The Nation's Health

Heart disease prevention: Can procedures alone keep you alive?

My days in the hospital remind me of what heart disease can be like when no preventive efforts are taken--what it used to be like even with my patients before taking a vigorous approach to prevention (though over 12 years ago).

Several cardiologists in my hospital, for instance, express skepticism that heart disease prevention works at all. Yes, they know about the statin cholesterol drug trials. But they claim that, given their experience with the power of coronary disease to overpower an individual's control, statin drugs are just "fluff". Coronary disease is a powerful process that can only begin to be harnessed with major procedures, i.e., a mechanical approach.

So these cardiologists routinely have their patients in the hospital, often once a year, sometimes more, for heart catheterization and "fixing" whatever requires fixing: balloon angioplasty, stents, various forms of atherectomy. Year in, year out, these patients return for their "maintenance" procedures. Their cardiologists maintain that this approach works.

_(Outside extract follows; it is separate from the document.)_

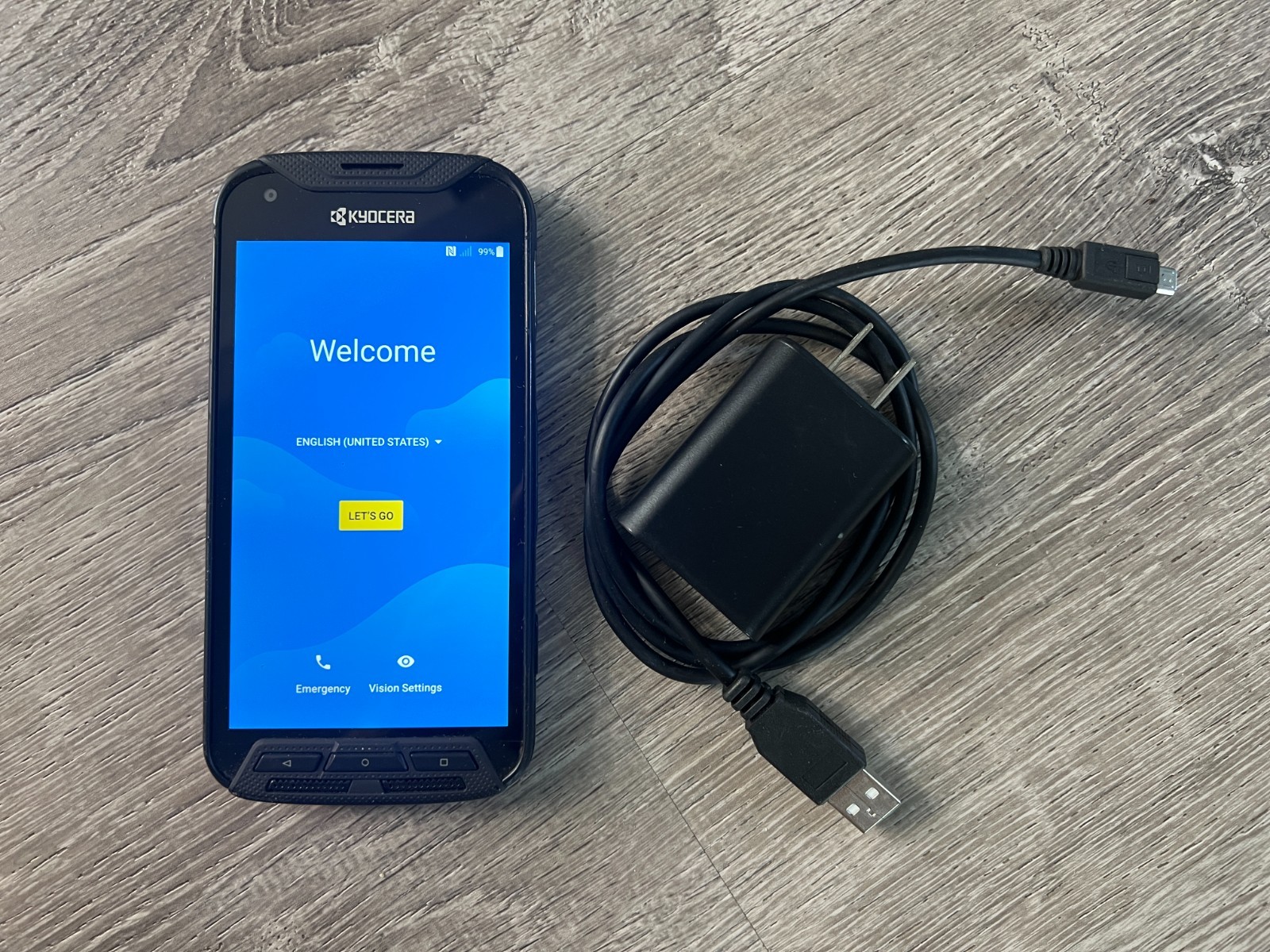 Kyocera DuraForce Pro E6820 AT&T 32GB Rugged Phone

The patients go on eating what they like, taking little or no nutritional supplements, and medications prescribed by their primary care physicians for blood pressure, etc. But no real effort towards heart disease prevention beyond these minimal steps.

Can this work? Very little at-home, preventive efforts, but periodic "maintenance" procedures?

It can, perhaps, for a relatively short time of a few years, maybe up to 10 years. But it crumbles after this. The disease eventaully overwhelms the cardiologist's ability to stent or balloon this or that, since it has progressed and plaque has growth diffusely the entire period that maintenance procedures have been performed. In addition, acute illness still occurs with some frequency--in other words, plaque rupture is not affected just because there's a stent in the artery upstream or downstream.

Not to mention this can be misery on you and your life, with risk incurred during each procedure. It's also terribly expensive, with hospitalization easily costing $25,000-$50,000 or more each time. (Compare that to a $250 or so CT heart scan.)

As people become more aware of the potential tools for prevention of heart disease, fewer are willing to submit to the archaic and barbaric practice of "maintenance" heart procedures in lieu of prevention. But it still goes on. If you, or anybody you know, are on this pointless and doomed path, find a new doctor.